TASK INSTRUCTIONS
Only the lines in the entries below from the line with "herre sequoia grove" to the line with "Grey American Eagle lace tank top", both included, belong in the answer, transcribed exactly and without pictures.

DATA UNDER STUDY
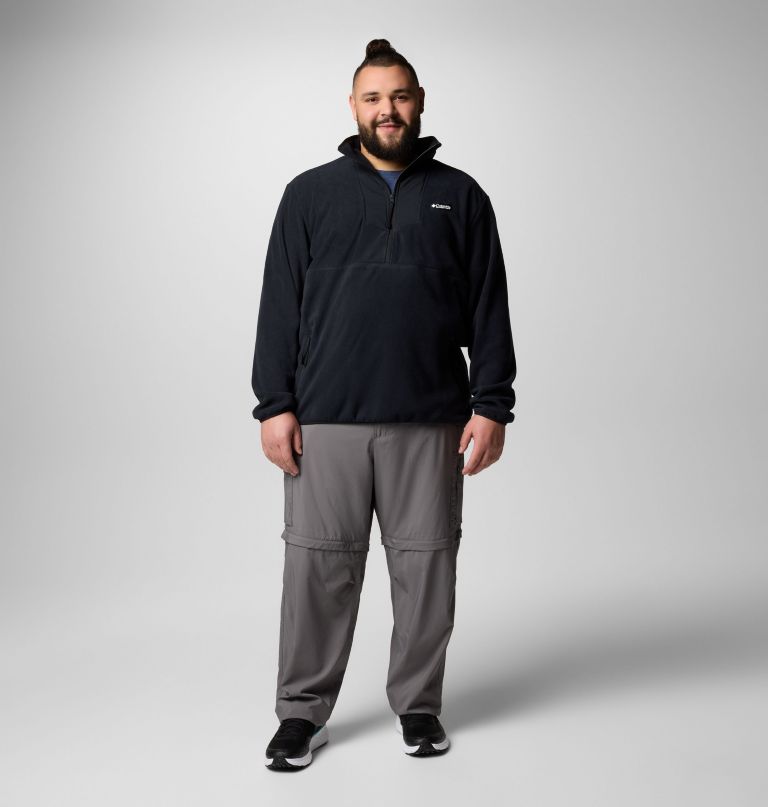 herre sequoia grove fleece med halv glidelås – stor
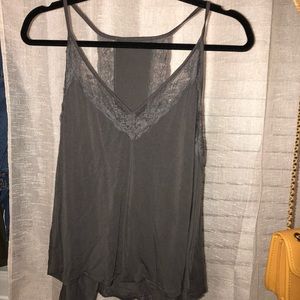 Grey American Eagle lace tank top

--

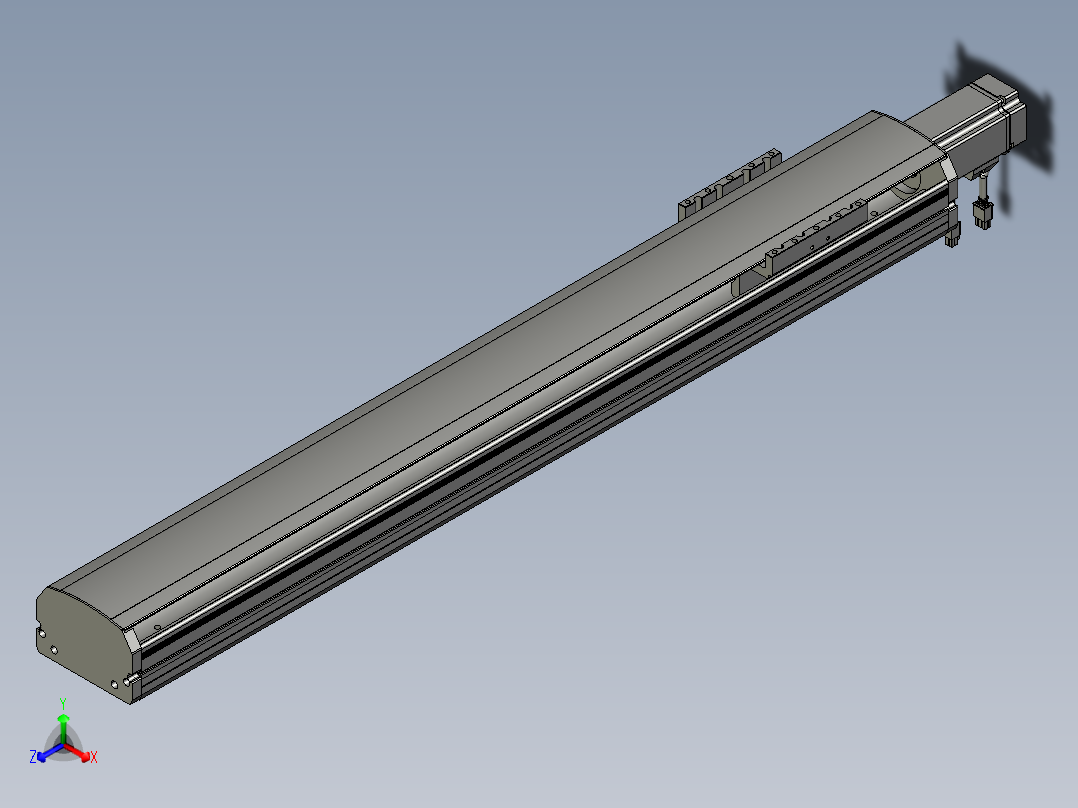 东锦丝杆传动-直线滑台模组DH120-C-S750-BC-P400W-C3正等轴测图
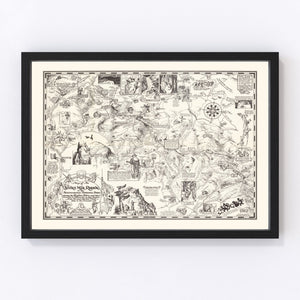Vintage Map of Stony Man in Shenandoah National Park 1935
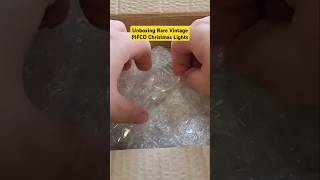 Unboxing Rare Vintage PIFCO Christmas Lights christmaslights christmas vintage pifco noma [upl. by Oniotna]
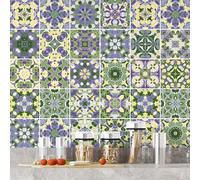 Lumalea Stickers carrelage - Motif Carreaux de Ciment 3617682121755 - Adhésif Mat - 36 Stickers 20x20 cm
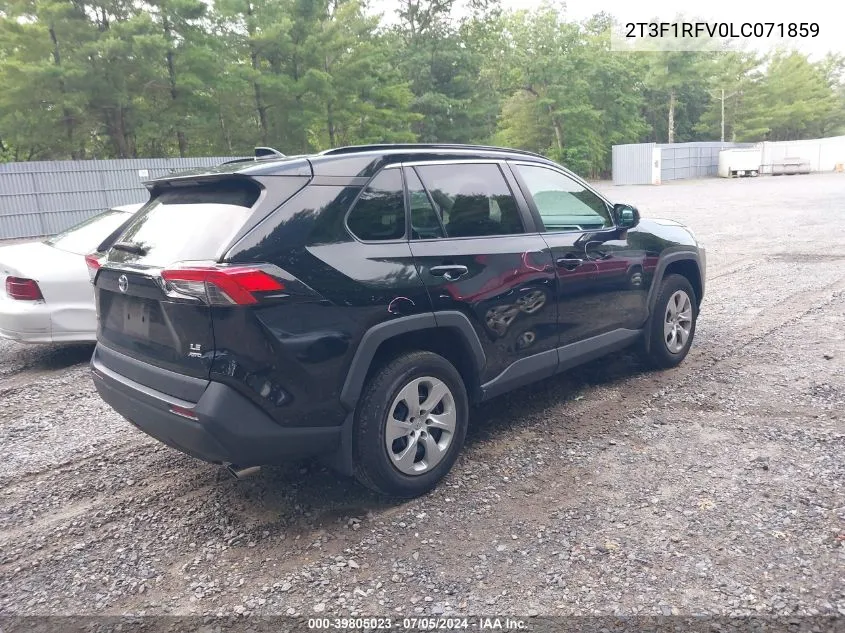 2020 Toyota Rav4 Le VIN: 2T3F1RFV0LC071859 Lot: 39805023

* * *

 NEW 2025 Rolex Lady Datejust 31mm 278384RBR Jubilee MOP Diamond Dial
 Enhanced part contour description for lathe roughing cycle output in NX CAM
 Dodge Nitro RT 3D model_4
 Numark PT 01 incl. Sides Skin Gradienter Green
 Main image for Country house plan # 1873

RESPONSE BOX
 herre sequoia grove fleece med halv glidelås – stor
 Grey American Eagle lace tank top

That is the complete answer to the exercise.